As for the trusts, they can replace expensive debt with cheaper debt. “It opens up opportunities for refinancing or restructuring the underlying portfolio,” Khan said. Chintan Patel, partner and head, (building construction and real estate), KPMG India, called it an important step which will enable monetisation and give fillip to creating more InVITs and REITs. Vikas Chaturvedi, CEO, Xanadu Realty, said, “The expected influx of funding will accelerate the momentum for commercial real estate and establish it as a lucrative asset class.”
The Budget has also proposed that in order to provide ease of compliance, dividend payment to REIT and InVIT will be exempt from TDS.
Gaurav Karnik, national leader (real estate practice), EY, explained that in a REIT and InVIT structure, there is a trust, below which there is a special purpose vehicle or SPV which owns the assets. Because of an anomaly in the law, when the SPV would pay dividend to the InVIT or REIT, there would be a withholding tax, which would then have to be claimed as a refund. “Today, they have clarified that to make it simple, any dividends credited or paid to the InVIT or REIT will not be subject to any tax withholding at source,” Karnik said. The withholding tax rate is 10% plus surcharge. The industry has welcomed the move.

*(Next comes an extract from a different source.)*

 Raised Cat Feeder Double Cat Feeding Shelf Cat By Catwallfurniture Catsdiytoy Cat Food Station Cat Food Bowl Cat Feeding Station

Shishir Baijal, chairman and managing director, Knight Frank India, said, “The relaxation on tax compliance for REIT investors will further improve the marketability of such products considering we are likely to witness new REITs this year”. Jaxay Shah, chairman, CREDAI National, said that the exemption from TDS shall encourage retail individual investors to explore investment opportunities in REITs.
According to Manish Gupta, senior director, CRISIL Ratings, the proposal to enable debt financing by foreign portfolio investors will ease access to finance for InvITs and REITs. Furthermore, abolishment of TDS on dividend payments to InvITs and REITs should ease compliance and enhance efficiency of these channels. InVITs and REITs are gaining currency in India, with their combined assets under management (AUM) reaching Rs 2 lakh crore. CRISIL Ratings expects their AUM to reach Rs 10 lakh crore in the next five years.